Lines with the word "have" are the answer; copy each of them from the data below.

▶ **DATA SECTION**

Segment Open

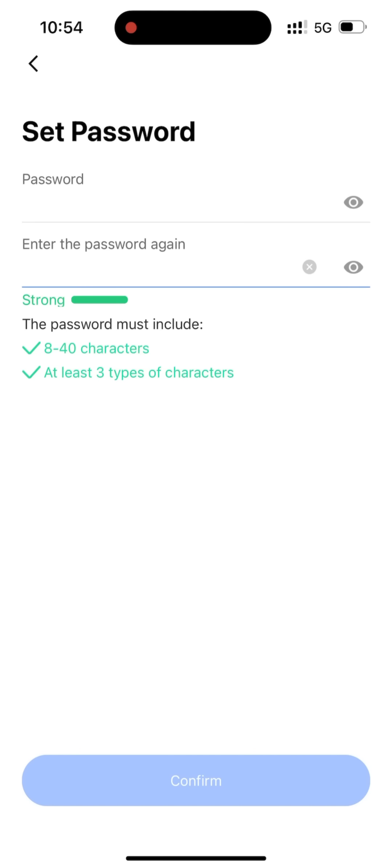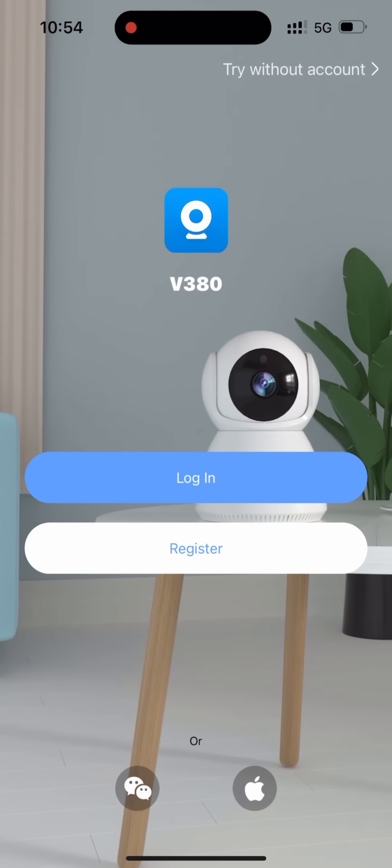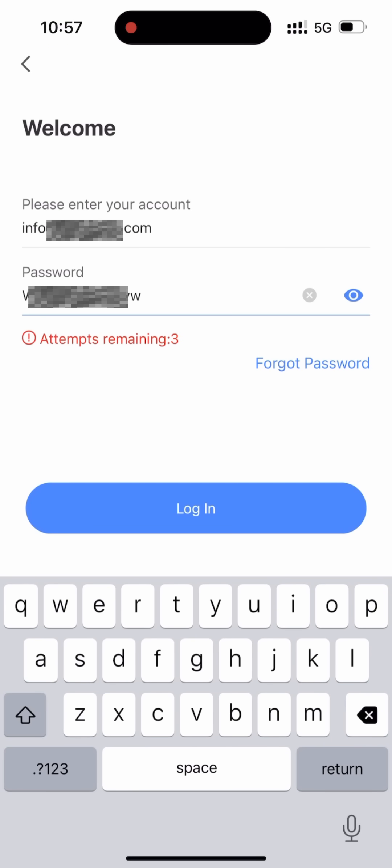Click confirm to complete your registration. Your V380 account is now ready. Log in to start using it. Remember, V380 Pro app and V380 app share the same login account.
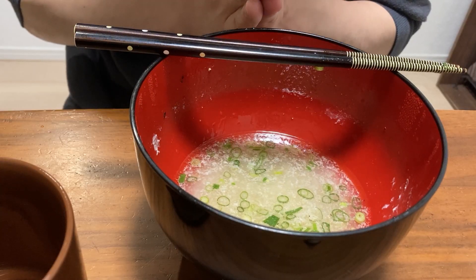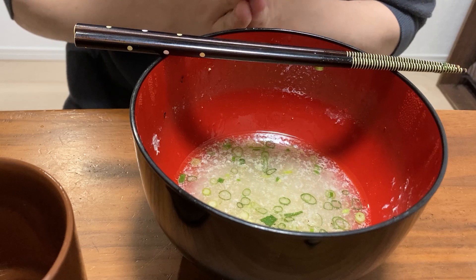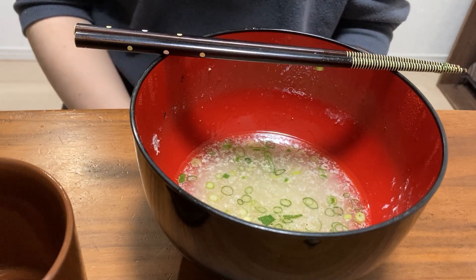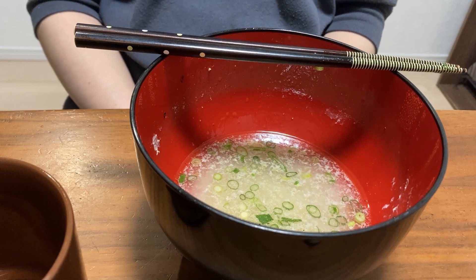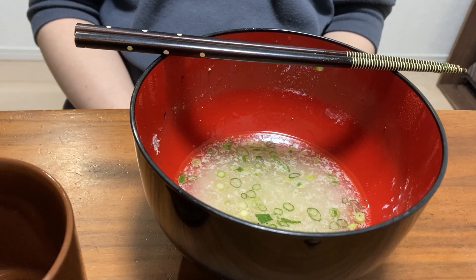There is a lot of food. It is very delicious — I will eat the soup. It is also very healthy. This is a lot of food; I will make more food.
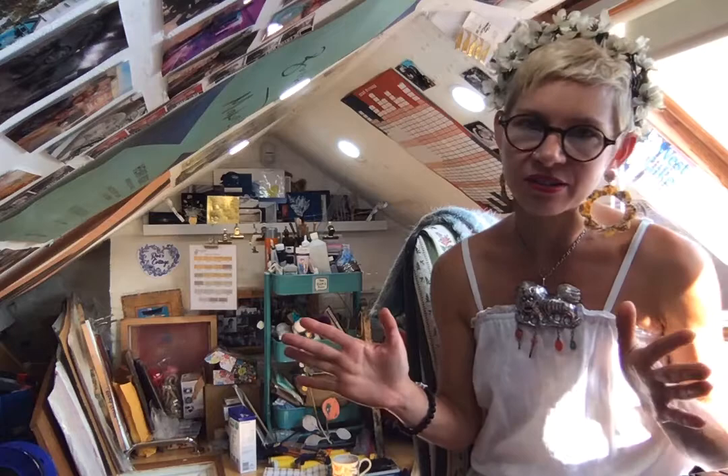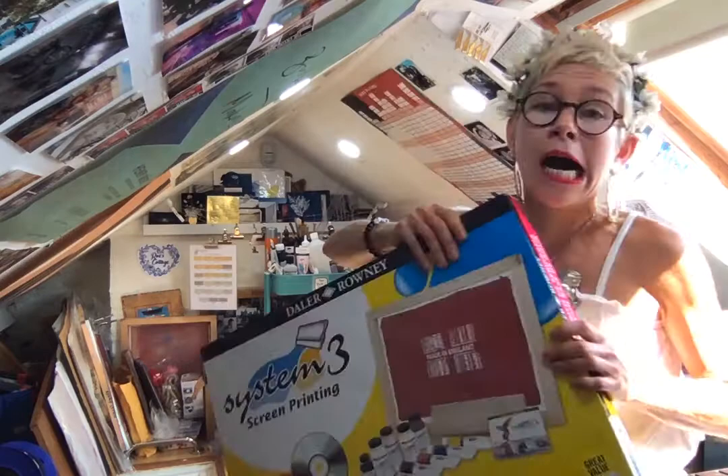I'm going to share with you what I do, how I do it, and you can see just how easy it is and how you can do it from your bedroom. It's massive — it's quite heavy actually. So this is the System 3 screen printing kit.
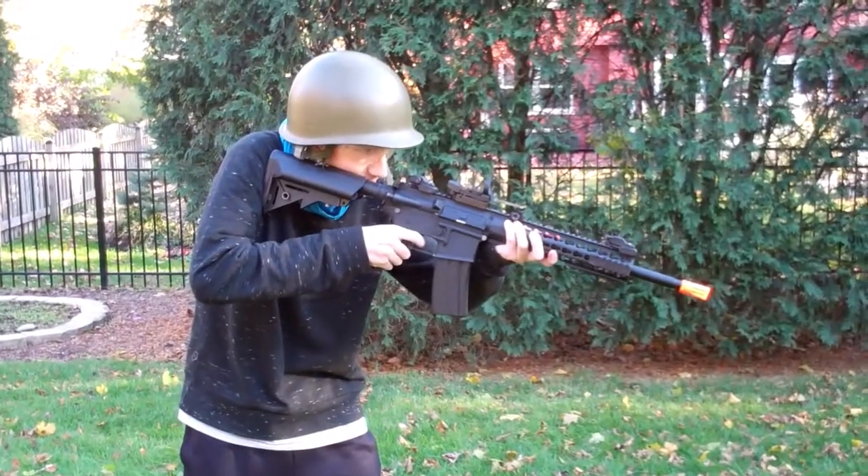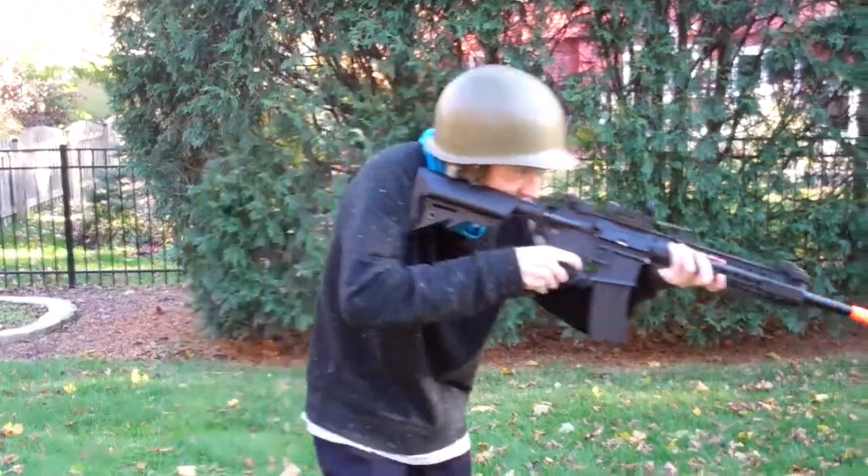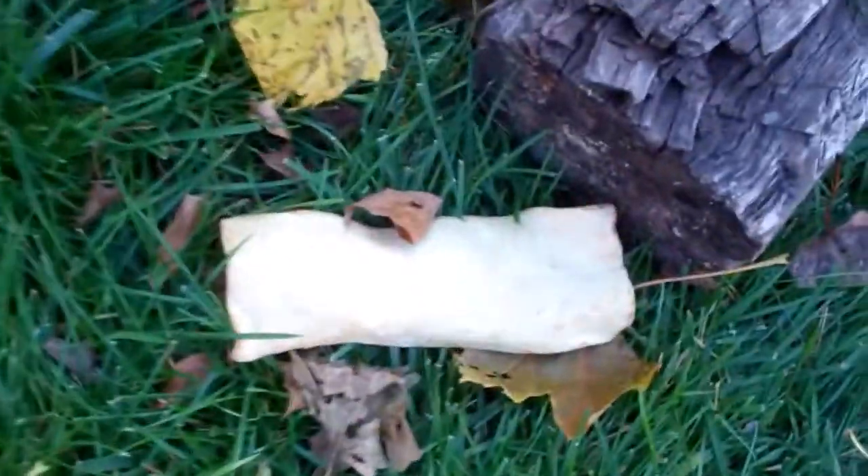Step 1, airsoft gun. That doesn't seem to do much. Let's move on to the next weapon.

Segment Closed
Segment Open

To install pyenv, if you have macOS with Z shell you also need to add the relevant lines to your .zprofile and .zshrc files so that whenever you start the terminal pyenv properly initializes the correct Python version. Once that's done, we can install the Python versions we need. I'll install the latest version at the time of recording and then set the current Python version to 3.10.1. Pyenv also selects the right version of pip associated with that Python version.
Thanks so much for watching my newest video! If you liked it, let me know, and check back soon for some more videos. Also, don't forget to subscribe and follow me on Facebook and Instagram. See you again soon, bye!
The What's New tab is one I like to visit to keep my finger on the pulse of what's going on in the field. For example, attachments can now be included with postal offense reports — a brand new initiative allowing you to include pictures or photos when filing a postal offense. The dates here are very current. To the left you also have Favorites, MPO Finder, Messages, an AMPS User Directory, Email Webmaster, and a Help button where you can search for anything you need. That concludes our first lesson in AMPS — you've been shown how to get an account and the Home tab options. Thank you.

Segment Closed

▶ **RESULT FOR THIS TASK**
To install pyenv, if you have macOS with Z shell you also need to add the relevant lines to your .zprofile and .zshrc files so that whenever you start the terminal pyenv properly initializes the correct Python version. Once that's done, we can install the Python versions we need. I'll install the latest version at the time of recording and then set the current Python version to 3.10.1. Pyenv also selects the right version of pip associated with that Python version.
The What's New tab is one I like to visit to keep my finger on the pulse of what's going on in the field. For example, attachments can now be included with postal offense reports — a brand new initiative allowing you to include pictures or photos when filing a postal offense. The dates here are very current. To the left you also have Favorites, MPO Finder, Messages, an AMPS User Directory, Email Webmaster, and a Help button where you can search for anything you need. That concludes our first lesson in AMPS — you've been shown how to get an account and the Home tab options. Thank you.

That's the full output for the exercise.